What to produce. Could you retype exactly the lines below between the one holding "Whenever DNS name" and the one holding "In this video", inclusive, leaving out any pictures?

(Dataset content)

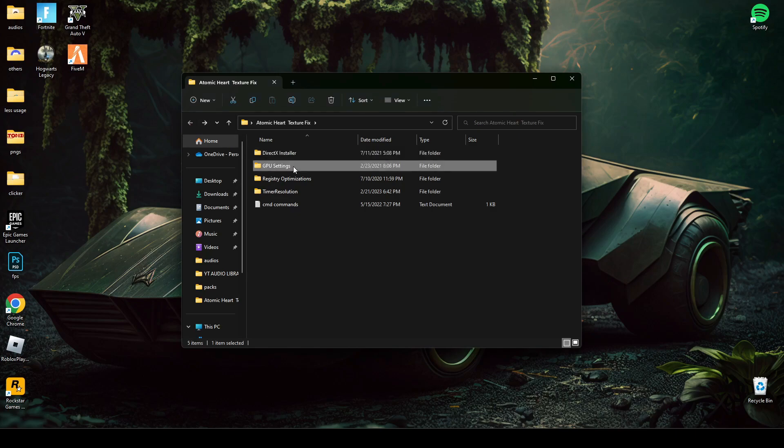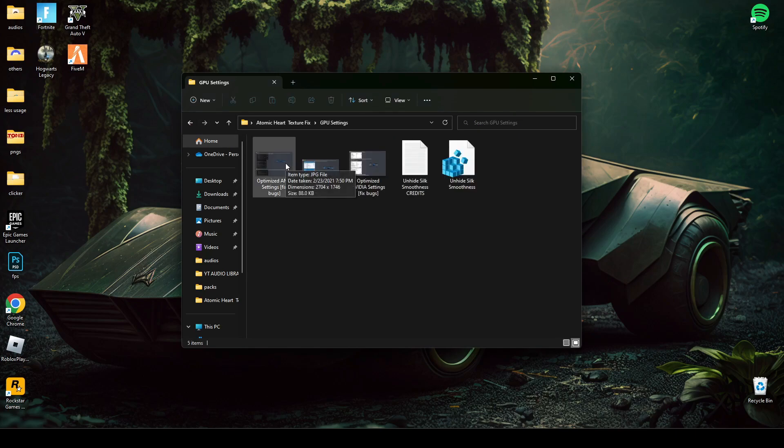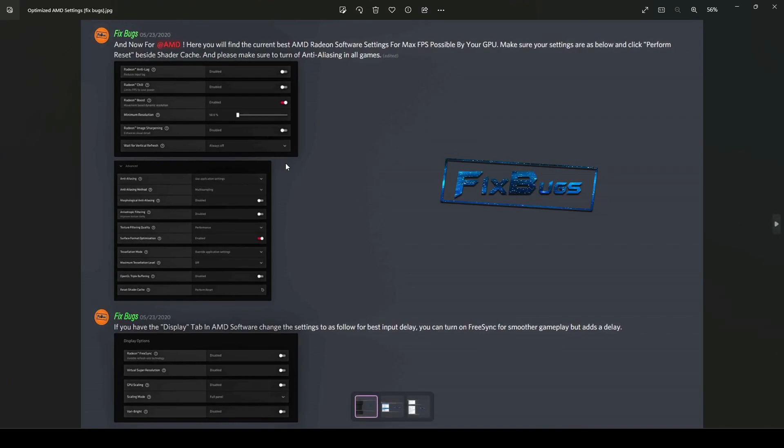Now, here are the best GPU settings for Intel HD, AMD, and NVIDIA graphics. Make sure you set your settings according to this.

(End Dataset content)
(Dataset content)

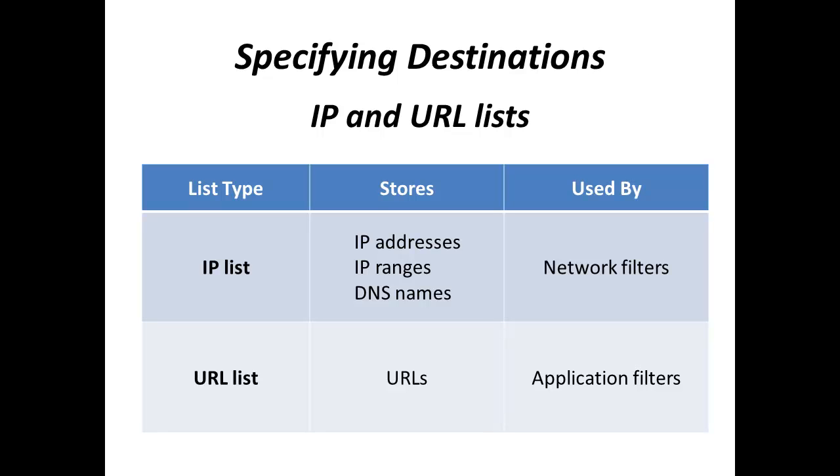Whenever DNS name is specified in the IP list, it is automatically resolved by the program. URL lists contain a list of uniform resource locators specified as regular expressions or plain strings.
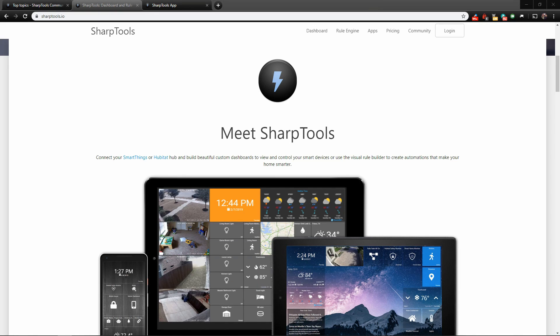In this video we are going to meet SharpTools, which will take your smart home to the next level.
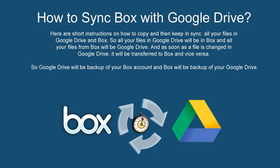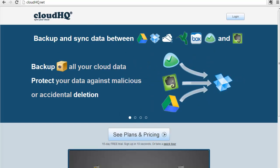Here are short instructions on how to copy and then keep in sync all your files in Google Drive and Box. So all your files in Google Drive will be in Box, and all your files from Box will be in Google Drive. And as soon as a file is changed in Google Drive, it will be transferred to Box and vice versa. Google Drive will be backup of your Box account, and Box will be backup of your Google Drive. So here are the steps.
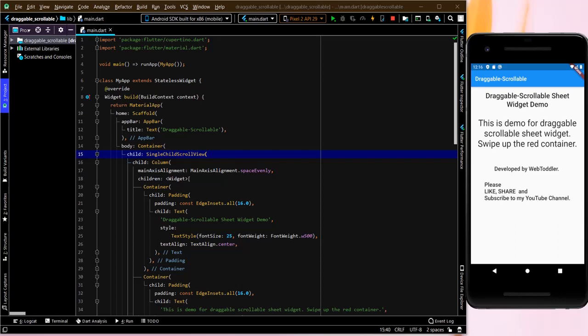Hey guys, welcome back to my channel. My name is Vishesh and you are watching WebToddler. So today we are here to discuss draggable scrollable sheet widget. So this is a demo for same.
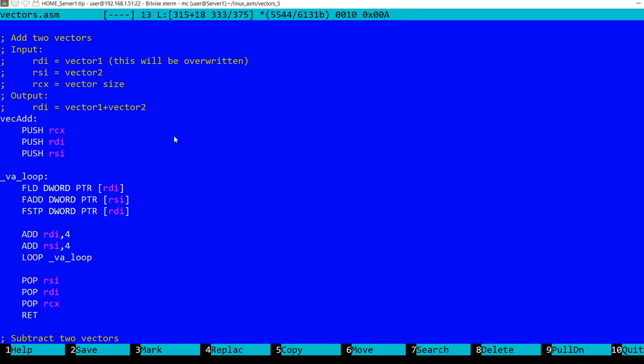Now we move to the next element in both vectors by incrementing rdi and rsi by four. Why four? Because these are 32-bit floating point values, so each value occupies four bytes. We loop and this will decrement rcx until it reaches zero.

(End Dataset content)

Written reply.
Whenever DNS name is specified in the IP list, it is automatically resolved by the program. URL lists contain a list of uniform resource locators specified as regular expressions or plain strings.
In this video we are going to meet SharpTools, which will take your smart home to the next level.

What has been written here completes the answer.